Erst jetzt schien Ebba das Erbrochene aufzufallen. Sie zog eine Grimasse, schien in gleichem Ausmaß angeekelt und erschrocken zu sein. Dann hob sie die Pillenschachtel auf und sah sie an.
»Was ist das?«
»Morphin«, sagte Sara. Sie konnte nicht darüber nachdenken, ob sie besser lügen sollte. Sie konnte überhaupt nicht nachdenken.
»Wessen denn?«, fragte Ebba, bekam aber keine Antwort. Dann sah Sara, wie Ebba den ausgedruckten Scheidungsantrag hochhob. Er war von Sara unterschrieben, aber nicht von Martin. Ebba sah von dem Papier zu ihrer Mutter, bekam zuerst aber kein Wort heraus. Dann wuchs der Zorn in ihren Augen. »Wie ekelhaft!«, war alles, was sie schließlich ausspuckte.
Endlich traf der Rettungswagen ein. Ebba forderte, dass sie mitfahren durfte, und es wurde ihr gestattet. Sara hatte weder die Lust noch die Kraft. Sie konnte nicht einmal entscheiden, was sie wollte oder sollte.

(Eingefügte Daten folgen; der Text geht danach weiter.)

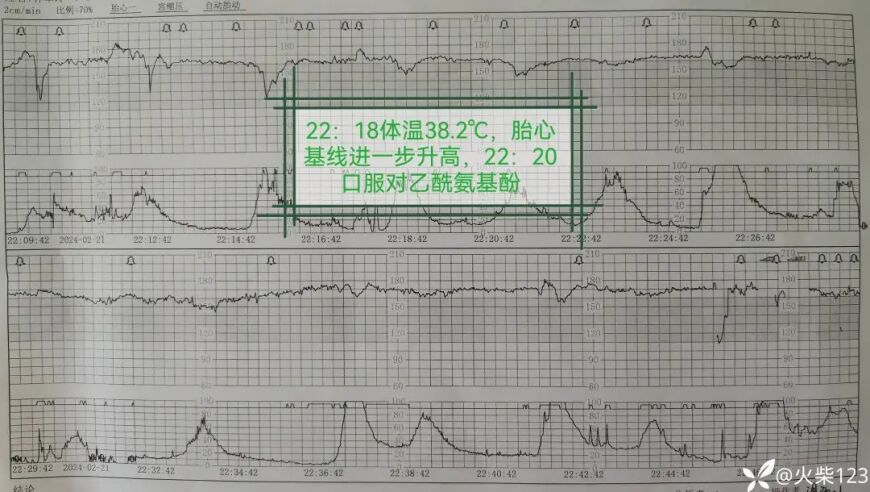 产妇发热，胎心变异别忽视，关键信息要牢记！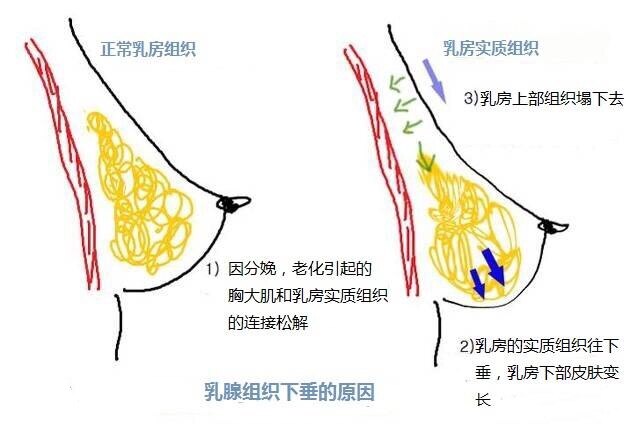 如何预防?_乳房萎缩
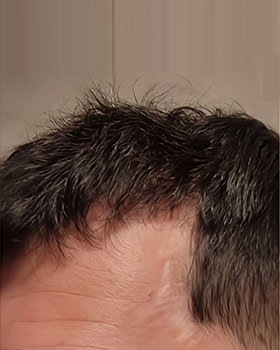 hair transplant photos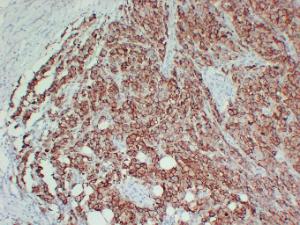 Immunohistochemical analysis of paraffin-embedded human Malignant melanoma using Anti-CD63 Antibody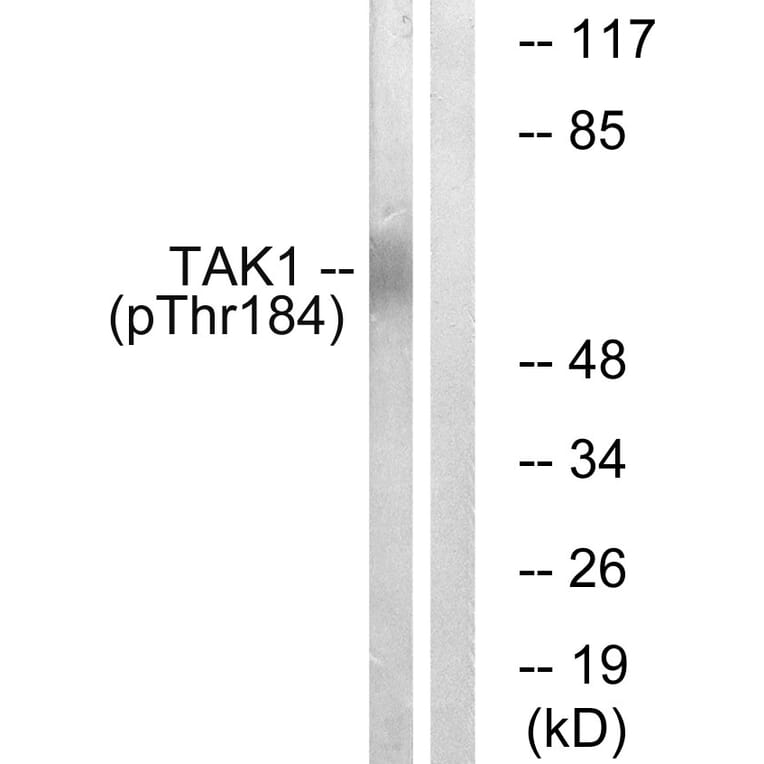 Western Blot - Anti-TAK1 (phospho Thr184) Antibody (A1123) - Antibodies.com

Sara stand auf der Treppe des Hauses und sah dem Rettungswagen hinterher, als er mit ihrem Mann und ihrer Tochter verschwand. Ihr ganzes Leben bis zum heutigen Tag. Sie drehte sich um und wollte zu Marie hineingehen, doch ihr Blick blieb an der Haustür hängen und dem, was dort stand.
Der Name Titus.
Auch nach dieser Tragödie fuhr das Namensschild fort, mit seinem blanken Messing den Anschein zu erwecken, als würde hier eine rechtschaffene Familie wohnen.
Nichts konnte weiter von der Wahrheit entfernt sein, dachte Sara, während sie das Heulen des Rettungswagens durch die Luft schneiden hörte.